The question is: a line $x \cos\theta + y\sin\theta = p$ is given such that $a^2\cos^2\theta - b^2\sin^2\theta =p^2$.
I have to prove that it touches a hyperbola $\frac{x^2}{a^2} - \frac{y^2}{b^2} = 1$. I do not see how to proceed. I thought I could proceed by eliminating $p$ by squaring the line equation and equate both but I don't get an idea what to do next. What do I need to show to prove that it touches that hyperbola?
On
HINT:
Replace $x$ with $\dfrac{p-y\sin\theta}{\cos\theta}$ in $$\dfrac{x^2}{a^2}-\dfrac{y^2}{b^2}=1$$ to form a Quadratic Equation in $y$
Each value of $y$ represents the ordinate of the respective intersection.
For tangency, the two value of the ordinates must be same i.e., the the Quadratic Equation of $y$ must have equal roots.

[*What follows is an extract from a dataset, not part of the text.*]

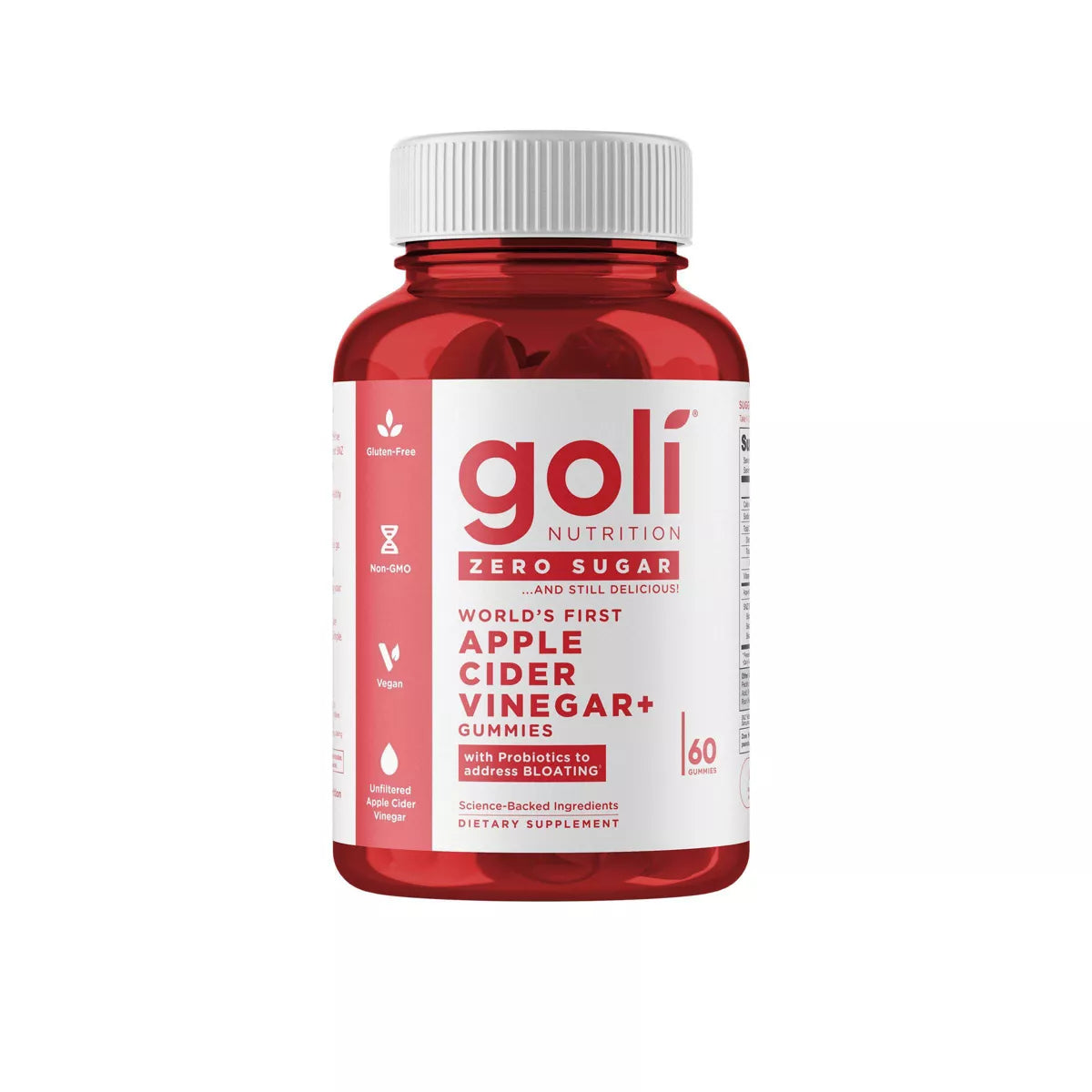 Goli ACV GUMMIES SUGAR FREE 60ct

Can you take it from here?
The tangent at $(x_1,y_1)$ to the hyperbola is \begin{align*} \frac{xx_1}{a^2} - \frac{yy_1}{b^2} = 1 \end{align*} If this is the given line, we have \begin{align*} \frac{x_1/a^2}{\cos \theta} = \frac{-y_1/b^2}{\sin \theta} = \frac{1}{p} \end{align*} Hence $x_1 = \frac{a^2\cos\theta}{p}, y_1 = -\frac{b^2\sin\theta}{p}$. Since this lies on the curve, we have \begin{align*} a^2\cos^2\theta - b^2\sin^2\theta = p^2 \end{align*}